HASA — History-Aware Sampling Algorithm

A lightweight, pip-installable PyTorch library for robust deep learning training under noise.

HASA tracks each training sample's loss trajectory over a sliding window and uses loss variance as a noise indicator. Clean samples stabilise quickly (low variance); noisy/mislabelled samples oscillate (high variance). After a warm-up phase the algorithm masks out high-variance samples so that gradients are computed only from likely-clean data.

Installation

pip install hasa

Or install directly from GitHub:

pip install git+https://github.com/msc35/hasa-py.git

For development:

git clone https://github.com/msc35/hasa-py.git
cd hasa-py
pip install -e ".[dev]"

Quick Start

1. Wrap your dataset to return sample indices

HASA needs to map each loss value back to a specific dataset sample. The simplest approach is an IndexedDataset wrapper:

from torch.utils.data import Dataset

class IndexedDataset(Dataset):
    def __init__(self, dataset):
        self.dataset = dataset

    def __len__(self):
        return len(self.dataset)

    def __getitem__(self, idx):
        x, y = self.dataset[idx]
        return idx, x, y

2. Train with HASA selection

import torch
import torch.nn as nn
from torch.utils.data import DataLoader
from hasa import HASA

dataset = IndexedDataset(my_dataset)
loader = DataLoader(dataset, batch_size=128, shuffle=True)

model = MyModel()
optimizer = torch.optim.Adam(model.parameters(), lr=1e-3)
criterion = nn.CrossEntropyLoss(reduction='none')  # MUST be unreduced

selector = HASA(num_samples=len(dataset), window_size=15, select_ratio=0.8)

for epoch in range(150):
    for indices, x, y in loader:
        logits = model(x)
        losses = criterion(logits, y)

        mask = selector.step(indices, losses.detach())

        # Divide by mask.sum() (not batch_size) to preserve gradient magnitude
        loss = (losses * mask).sum() / mask.sum()
        loss.backward()
        optimizer.step()
        optimizer.zero_grad()

    selector.end_epoch()

3. (Optional) Langevin noise injection

Motivated by interpreting SGD as approximate Bayesian inference (Mandt, Hoffman & Blei, 2018):

selector = HASA(
    num_samples=len(dataset),
    window_size=15,
    select_ratio=0.8,
    langevin_noise=1e-4,
)

# Inside the training loop, after optimizer.step():
selector.inject_langevin_noise(model)

How It Works

Warm-up phase (first window_size epochs): all samples are used — the per-sample loss history buffer fills up.
Selection phase (after warm-up): for each batch, compute per-sample loss variance from the history buffer. Keep only the select_ratio fraction with the lowest variance. High-variance samples (likely mislabelled) are masked out.

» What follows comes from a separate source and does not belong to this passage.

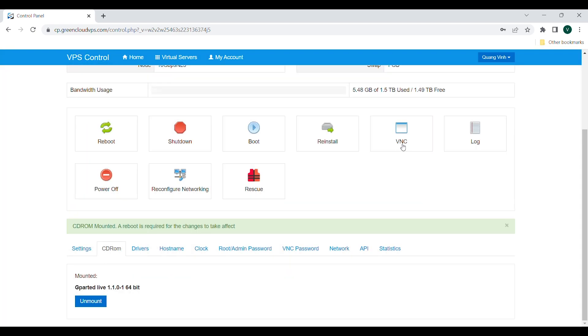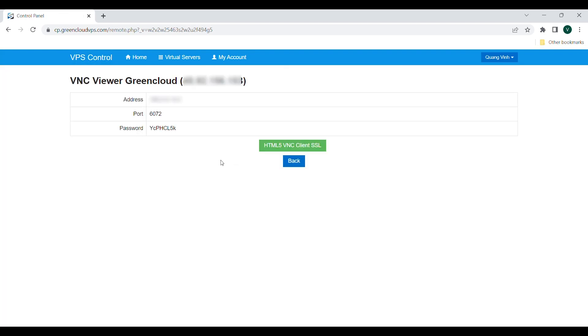Then open the VPS via VNC and choose HTML5 VNC Client SSL. Reboot the VPS to boot it to Gparted ISO.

              Warm-up (epochs 0..T-1)          Selection (epochs T+)
             ┌─────────────────────┐     ┌──────────────────────────────┐
  per-sample │  Record losses into │     │  Var(loss history) per sample│
  losses ───>│  ring buffer, train │────>│  Keep lowest-variance k%     │
             │  on ALL samples     │     │  Mask out the rest           │
             └─────────────────────┘     └──────────────────────────────┘

Hyperparameters

Parameter	Meaning	Tested Range	Default
`num_samples`	Total dataset size (for buffer allocation)	—	required
`window_size`	Loss values stored per sample (T)	5, 10, 15	15
`select_ratio`	Fraction of batch to keep (k)	0.5 – 0.9	0.8
`langevin_noise`	Scale of injected Gaussian noise	0 or small	0.0

Checkpointing

HASA supports full state serialisation for resuming training:

state = selector.state_dict()
torch.save(state, "hasa_checkpoint.pt")

# Restore later
selector.load_state_dict(torch.load("hasa_checkpoint.pt"))

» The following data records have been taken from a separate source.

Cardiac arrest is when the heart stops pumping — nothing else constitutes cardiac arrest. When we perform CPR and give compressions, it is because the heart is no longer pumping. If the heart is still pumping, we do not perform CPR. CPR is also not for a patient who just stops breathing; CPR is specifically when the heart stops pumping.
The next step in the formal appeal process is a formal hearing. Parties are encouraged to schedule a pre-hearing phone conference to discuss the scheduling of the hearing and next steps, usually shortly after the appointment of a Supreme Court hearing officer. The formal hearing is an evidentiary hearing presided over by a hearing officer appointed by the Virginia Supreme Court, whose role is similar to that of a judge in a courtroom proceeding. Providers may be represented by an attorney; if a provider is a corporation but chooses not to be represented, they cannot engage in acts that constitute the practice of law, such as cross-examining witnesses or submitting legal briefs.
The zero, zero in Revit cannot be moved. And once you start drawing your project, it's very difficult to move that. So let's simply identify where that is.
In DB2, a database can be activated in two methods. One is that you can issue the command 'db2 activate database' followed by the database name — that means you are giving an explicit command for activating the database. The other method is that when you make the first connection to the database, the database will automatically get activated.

HASATrainer (convenience wrapper)

For a simpler API that handles the full training loop:

from hasa.callbacks import HASATrainer

trainer = HASATrainer(model, optimizer, criterion, selector, device="cuda")
for epoch in range(num_epochs):
    metrics = trainer.train_epoch(dataloader)
    print(f"Epoch {epoch}: loss={metrics['loss']:.4f}, selected={metrics['selected_frac']:.2%}")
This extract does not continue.